Work item:
The whole listing should be retyped word for word, apart from the pictures it holds.

Exercise data:
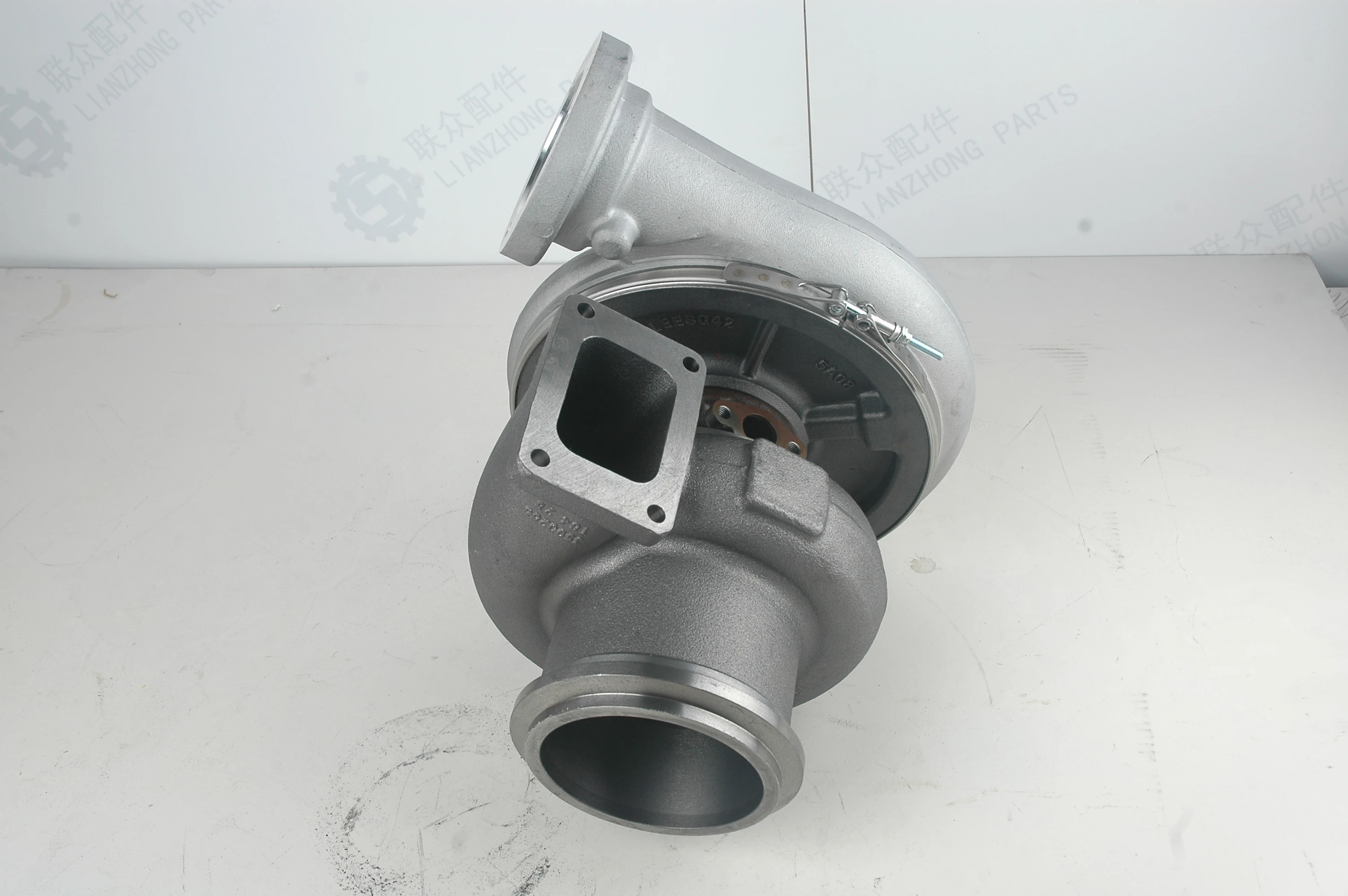 Engine Parts Turbocharger isuzu nissan brand motor cummins QSX15 turbo 3594195 3595034 3595035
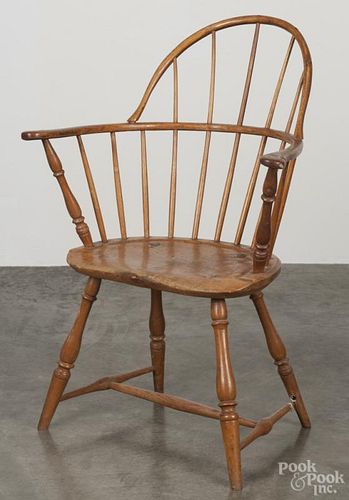 New England sackback Windsor chair, ca. 1800. Provenance: Estate of George Albicker, Utica, NY.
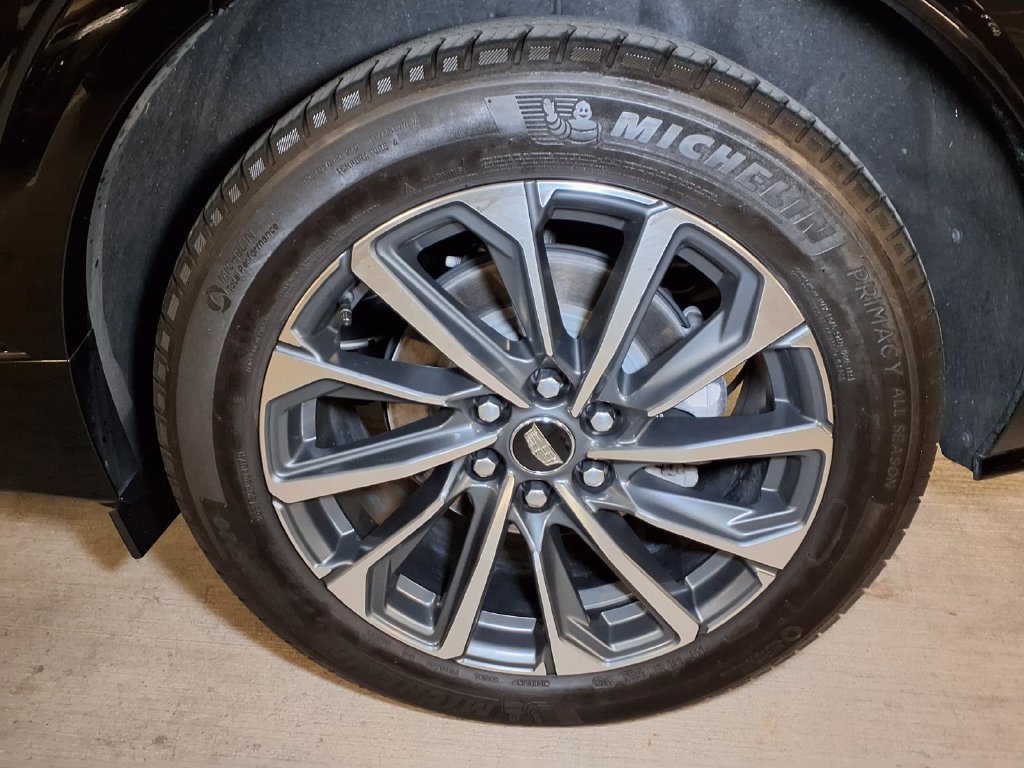 Certified 2024 Cadillac Lyriq Sport RWD image 18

Output below:
 Engine Parts Turbocharger isuzu nissan brand motor cummins QSX15 turbo 3594195 3595034 3595035
 New England sackback Windsor chair, ca. 1800. Provenance: Estate of George Albicker, Utica, NY.
 Certified 2024 Cadillac Lyriq Sport RWD image 18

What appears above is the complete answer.